_What needs to be done_:
Begin with the line below holding "stacks of white" and go on through the line holding "White puffy clouds", duplicating each line exactly and leaving out pictures.

Extracted data entries:
────

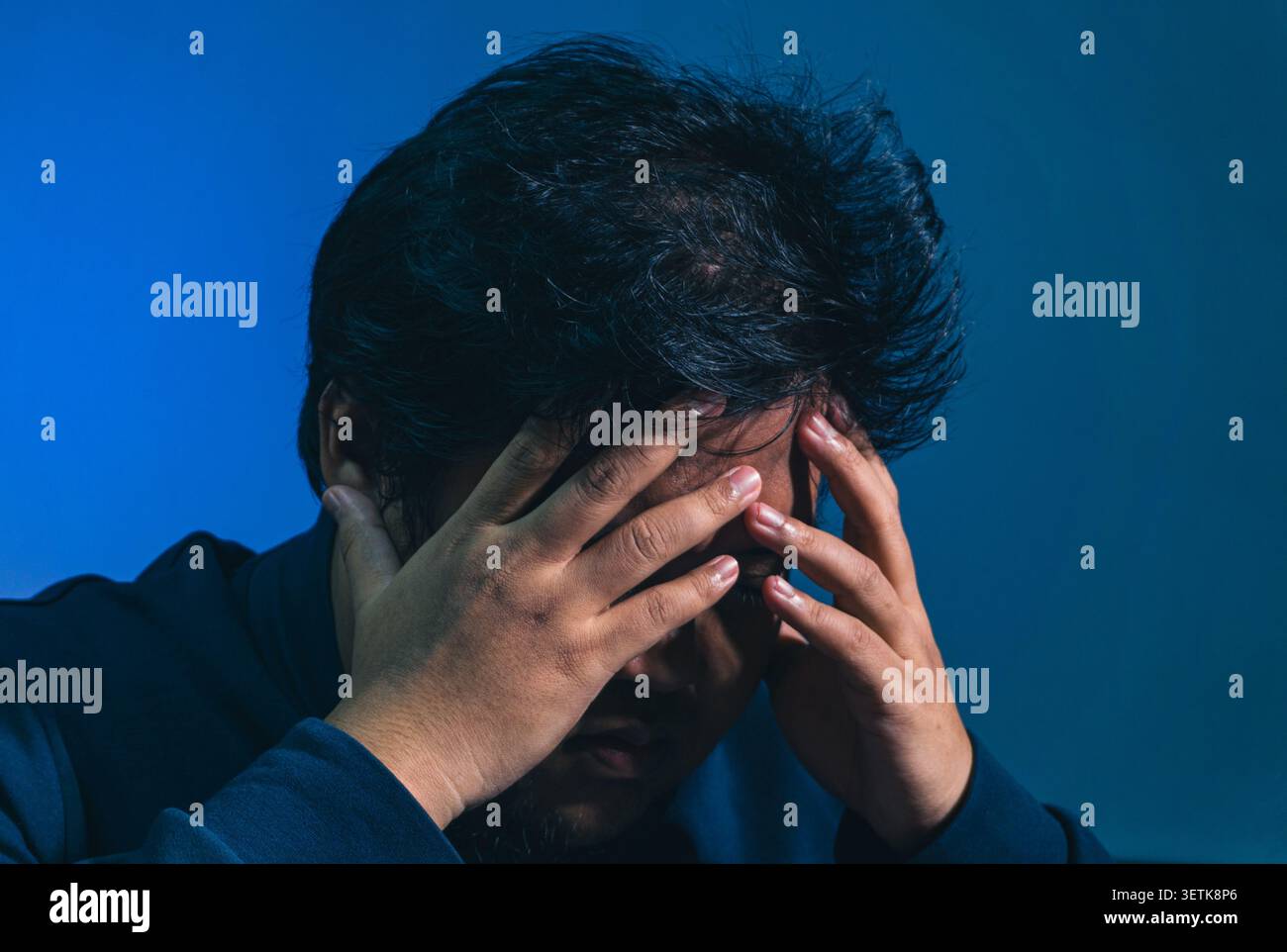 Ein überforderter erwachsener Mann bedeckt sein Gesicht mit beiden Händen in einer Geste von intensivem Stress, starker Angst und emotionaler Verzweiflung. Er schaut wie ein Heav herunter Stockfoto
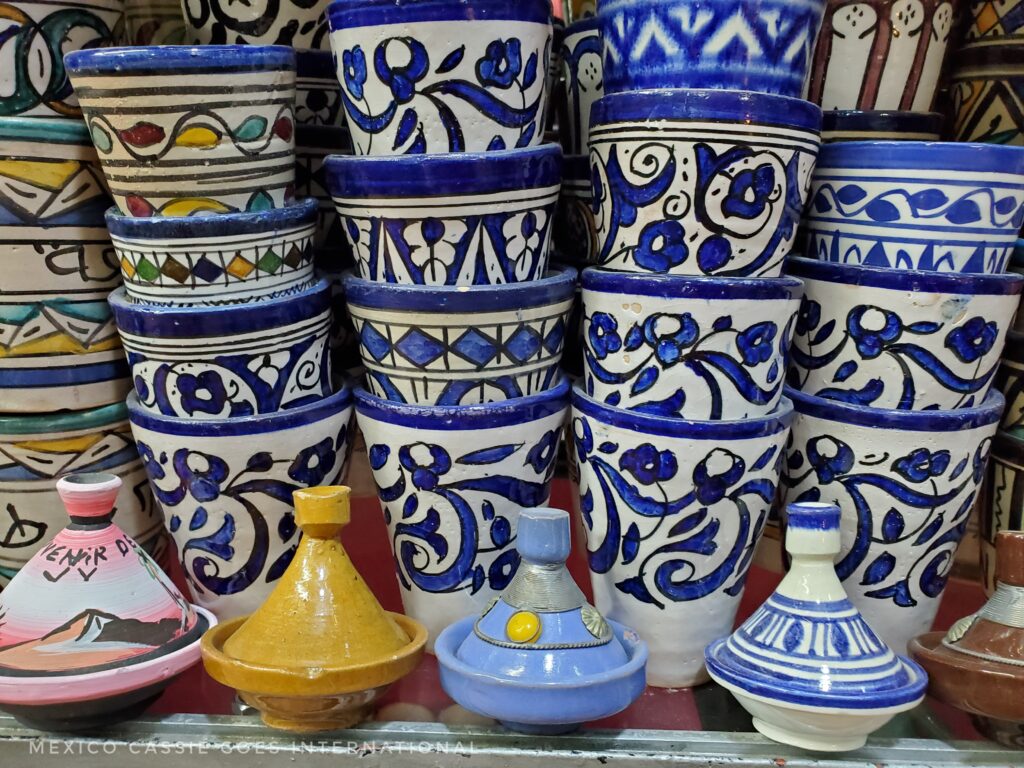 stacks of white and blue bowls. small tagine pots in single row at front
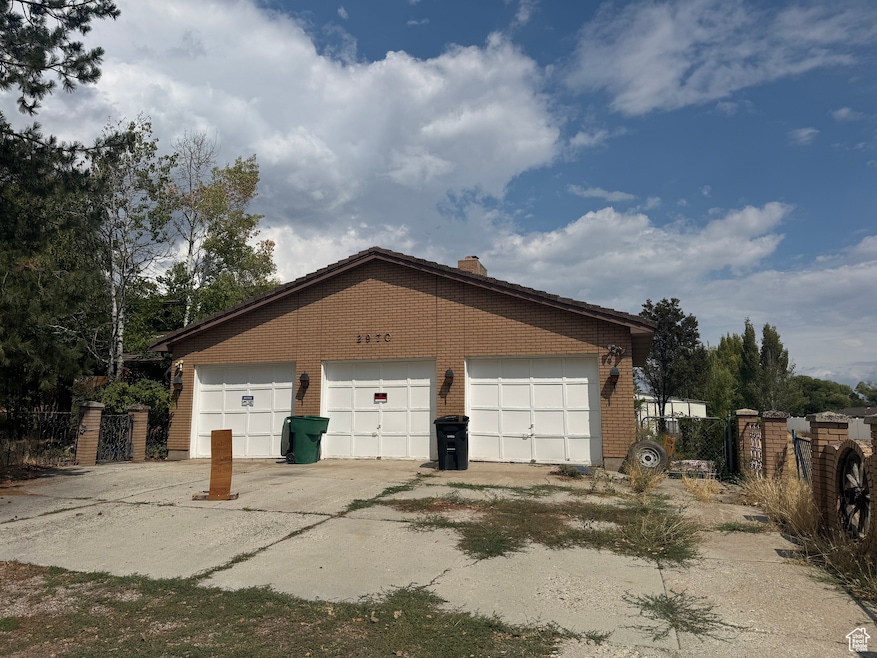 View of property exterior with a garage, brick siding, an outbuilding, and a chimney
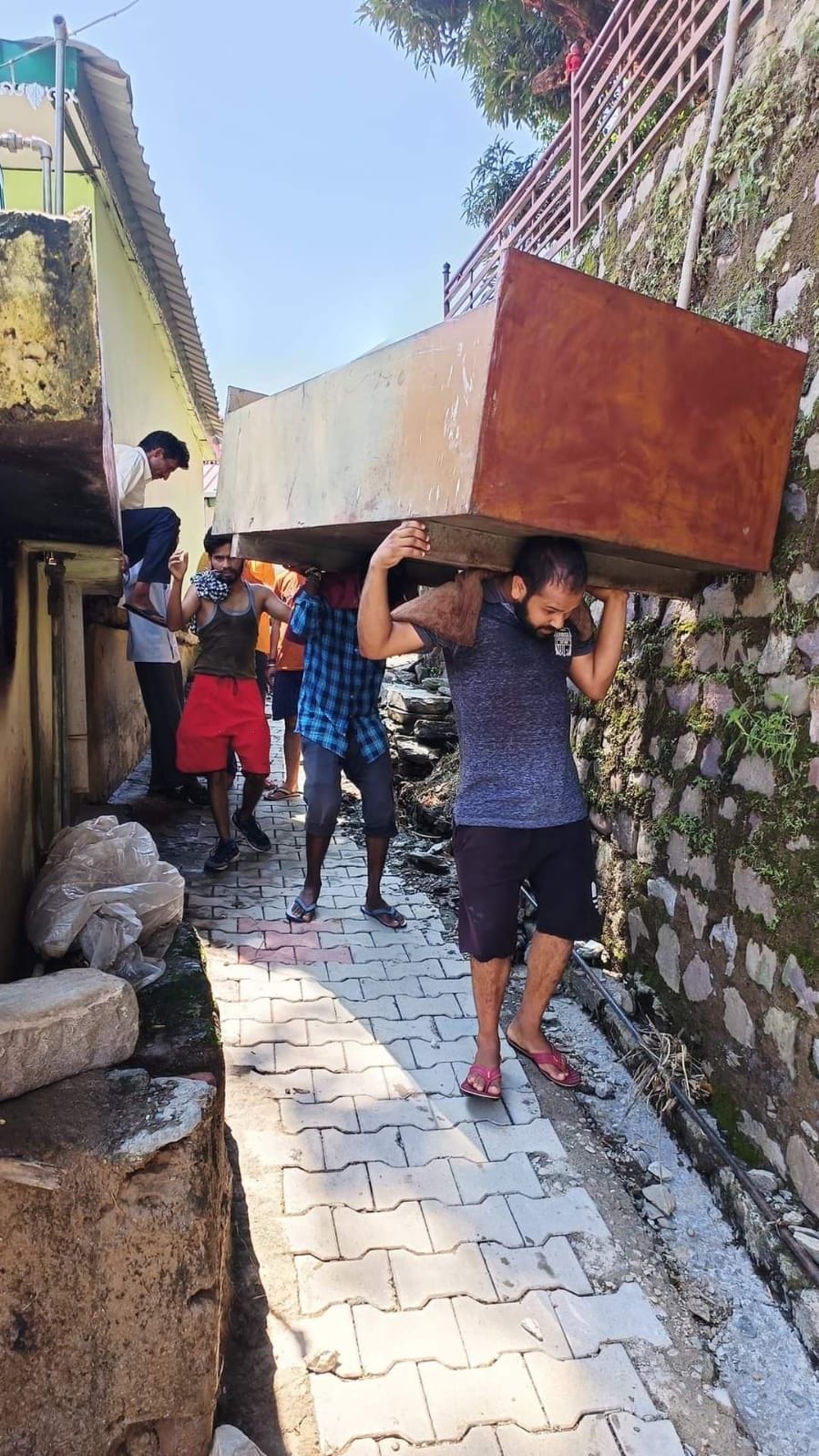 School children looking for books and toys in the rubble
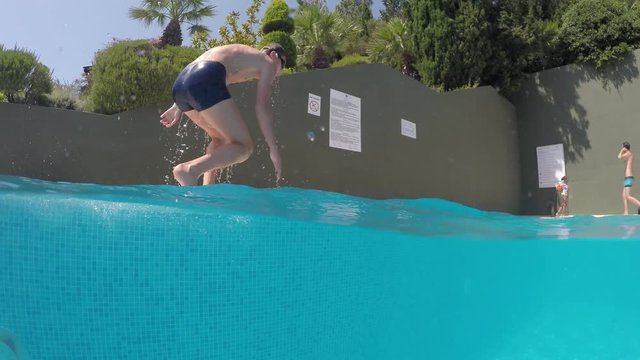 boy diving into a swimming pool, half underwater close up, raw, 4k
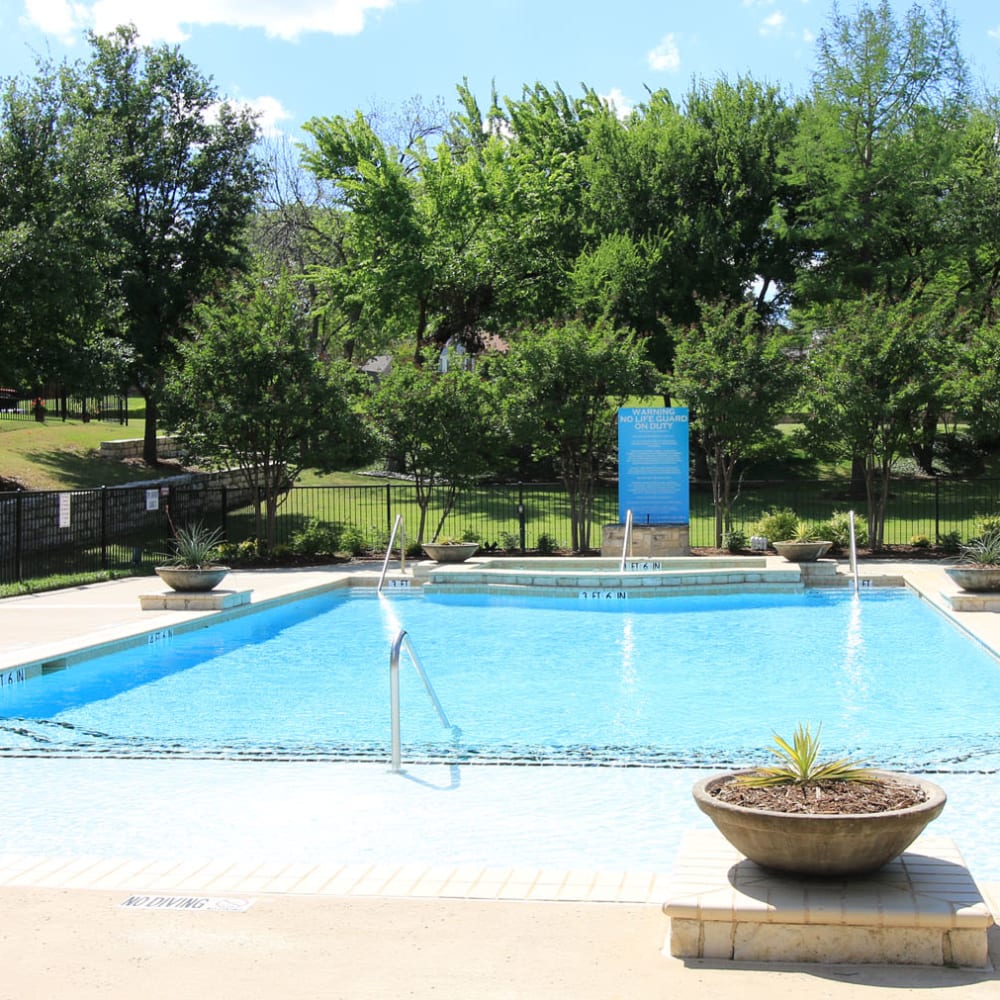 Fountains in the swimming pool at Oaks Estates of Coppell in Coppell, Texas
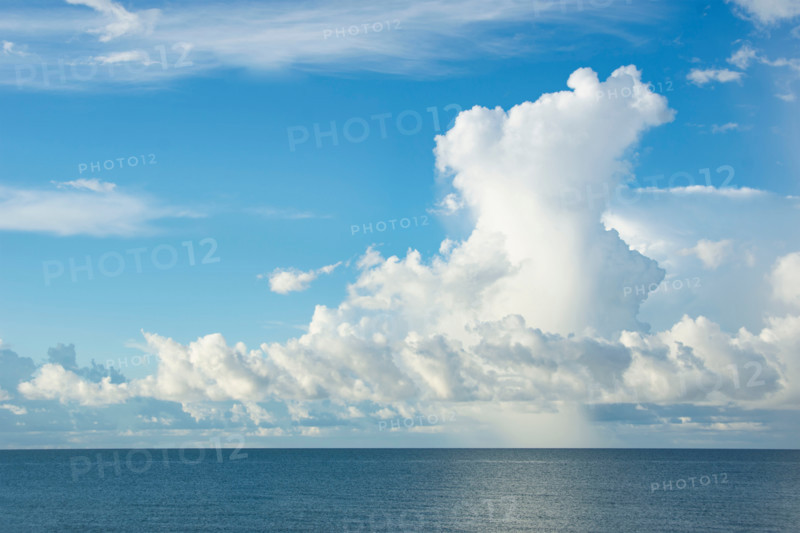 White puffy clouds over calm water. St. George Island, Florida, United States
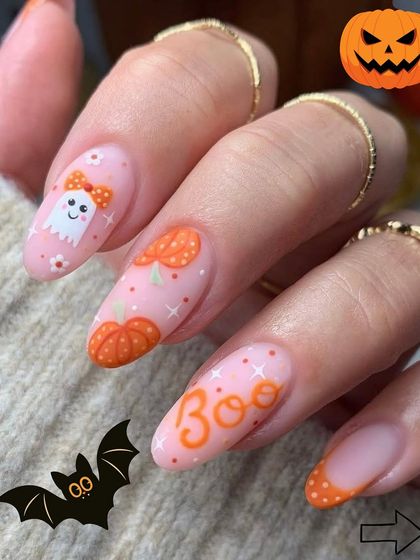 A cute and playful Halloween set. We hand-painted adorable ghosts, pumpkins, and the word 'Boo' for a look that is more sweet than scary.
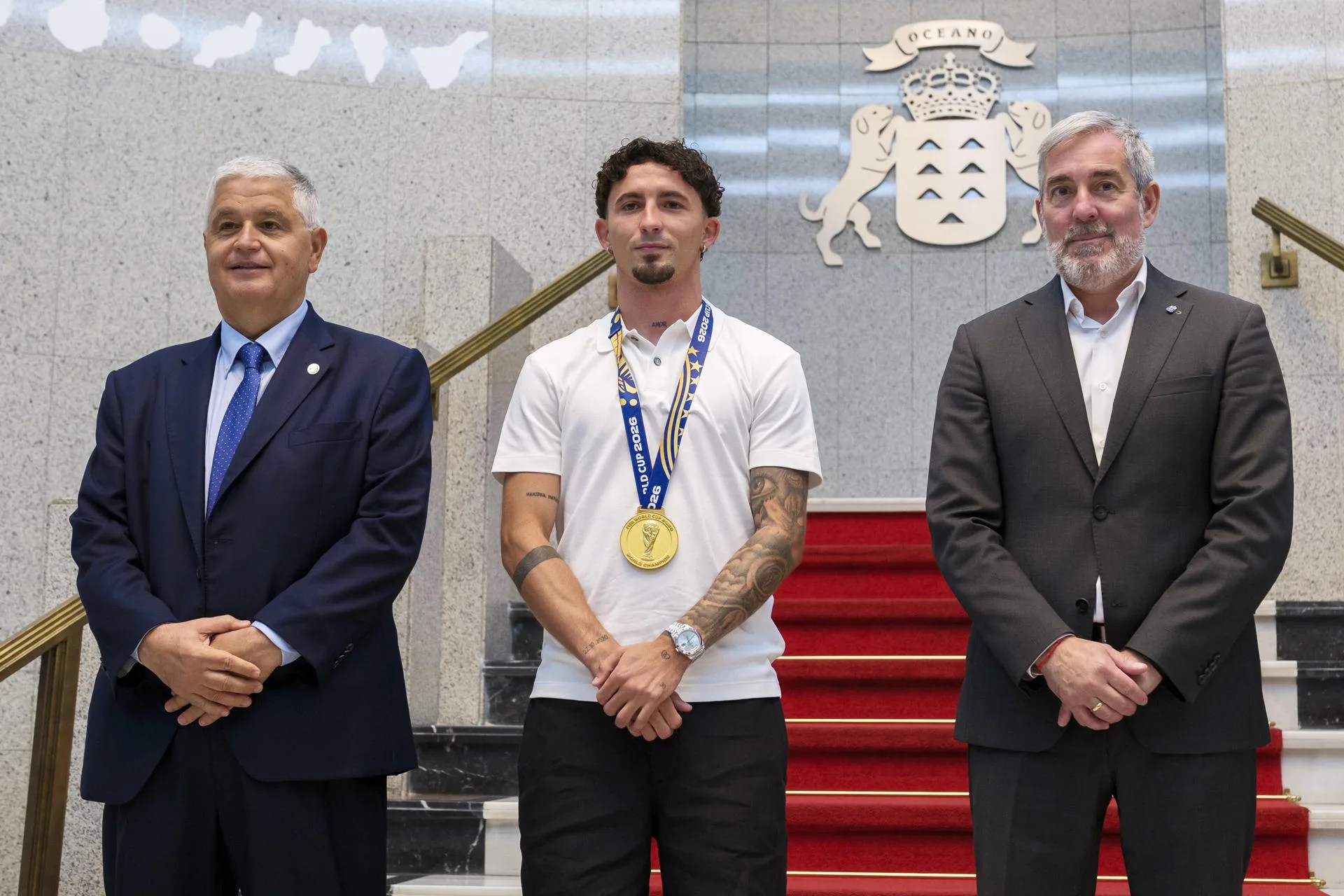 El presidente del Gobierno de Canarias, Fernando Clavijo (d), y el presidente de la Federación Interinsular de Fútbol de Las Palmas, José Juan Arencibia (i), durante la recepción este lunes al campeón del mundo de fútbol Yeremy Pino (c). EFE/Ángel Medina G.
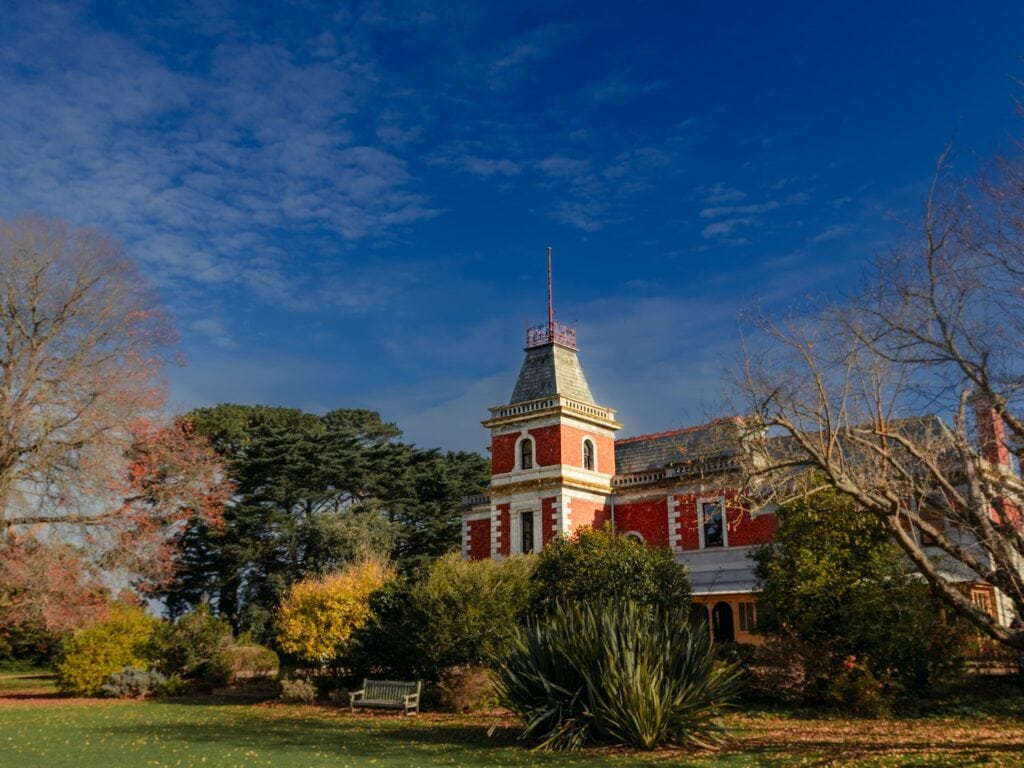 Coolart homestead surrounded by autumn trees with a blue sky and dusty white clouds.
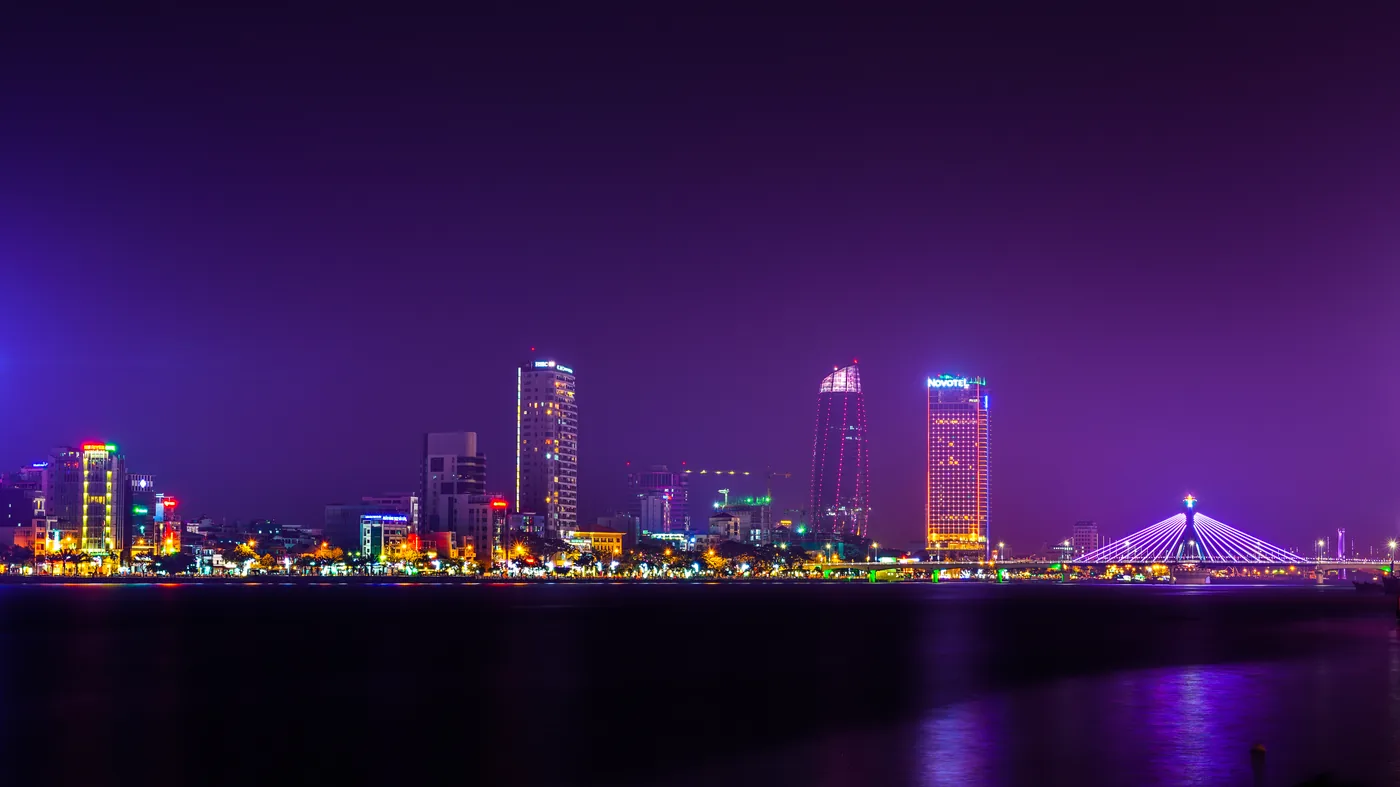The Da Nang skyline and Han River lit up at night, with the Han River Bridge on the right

────

_Result of this task_:
 stacks of white and blue bowls. small tagine pots in single row at front
 View of property exterior with a garage, brick siding, an outbuilding, and a chimney
 School children looking for books and toys in the rubble
 boy diving into a swimming pool, half underwater close up, raw, 4k
 Fountains in the swimming pool at Oaks Estates of Coppell in Coppell, Texas
 White puffy clouds over calm water. St. George Island, Florida, United States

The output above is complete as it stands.